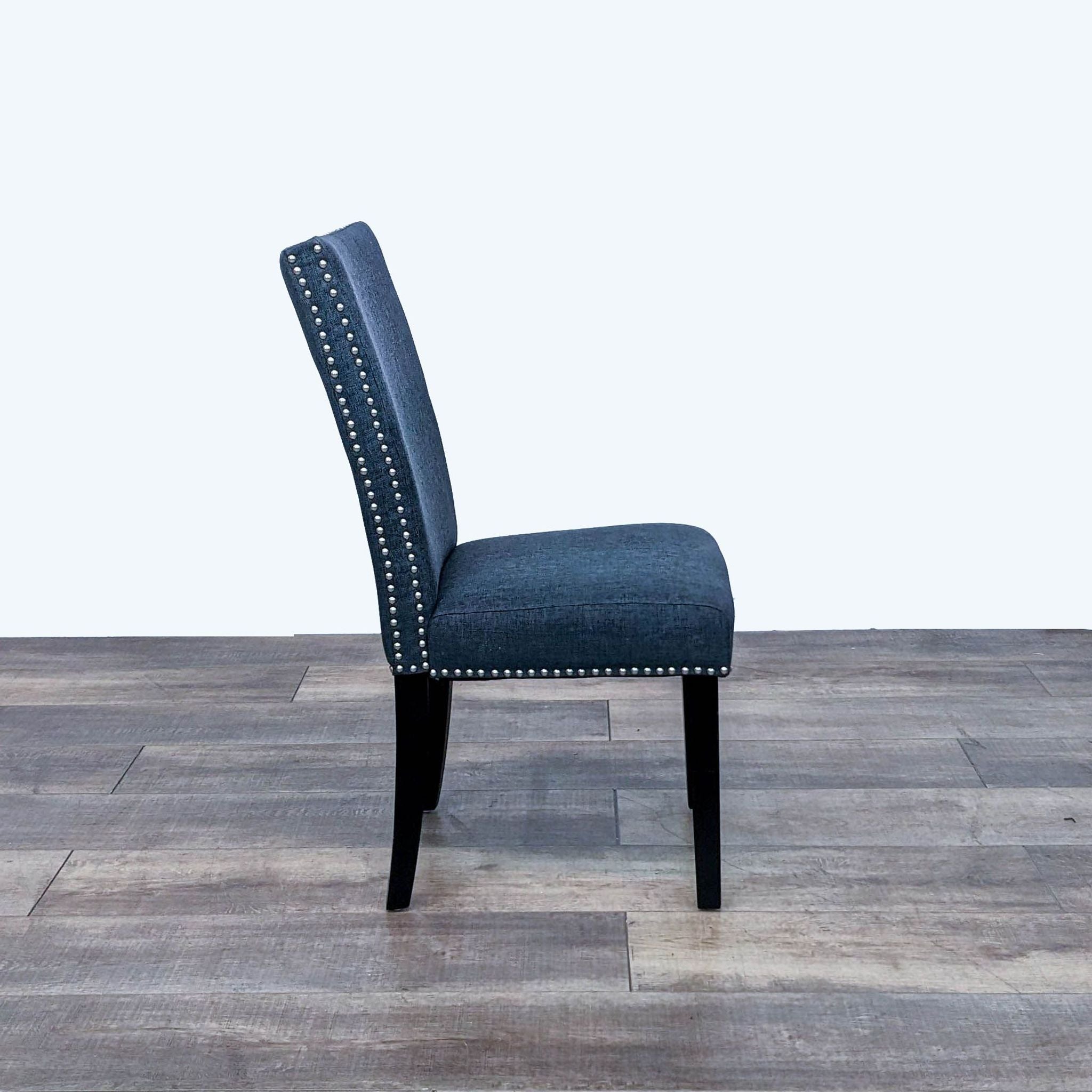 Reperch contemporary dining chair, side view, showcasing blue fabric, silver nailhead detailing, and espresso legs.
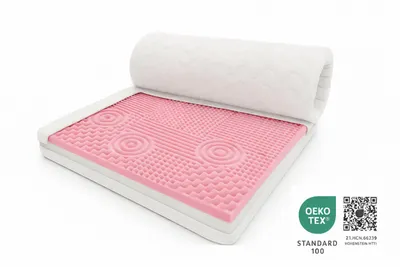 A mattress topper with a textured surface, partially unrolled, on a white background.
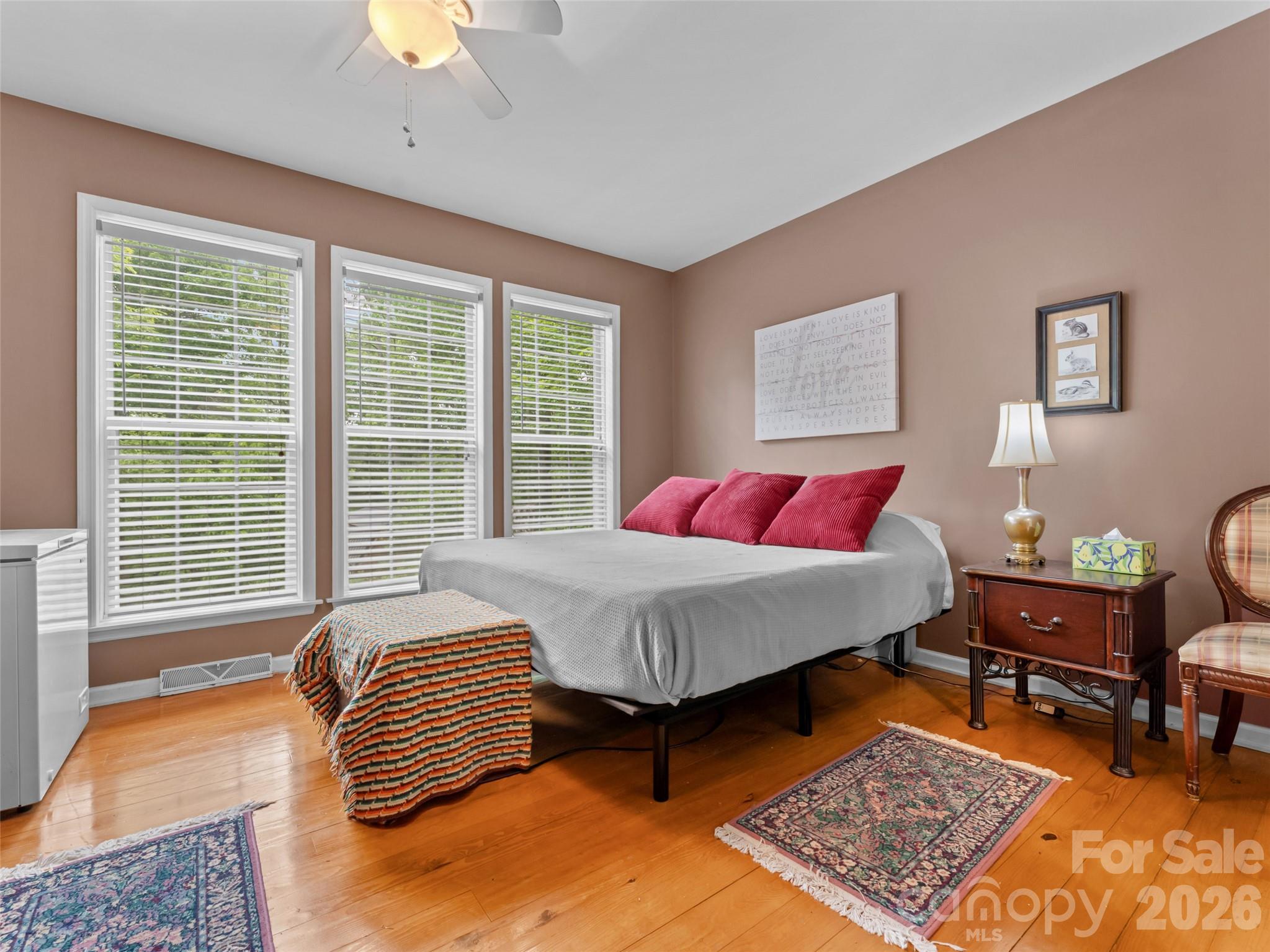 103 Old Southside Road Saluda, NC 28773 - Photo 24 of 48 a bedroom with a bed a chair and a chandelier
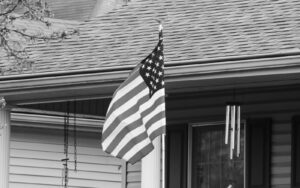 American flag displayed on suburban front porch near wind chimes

> _Task directions_:
Which lines run from the one containing "A mattress topper" to the end of the data above? Set down those lines exactly, and only those, without any pictures.

> _Reply_:
 A mattress topper with a textured surface, partially unrolled, on a white background.
 103 Old Southside Road Saluda, NC 28773 - Photo 24 of 48 a bedroom with a bed a chair and a chandelier
 American flag displayed on suburban front porch near wind chimes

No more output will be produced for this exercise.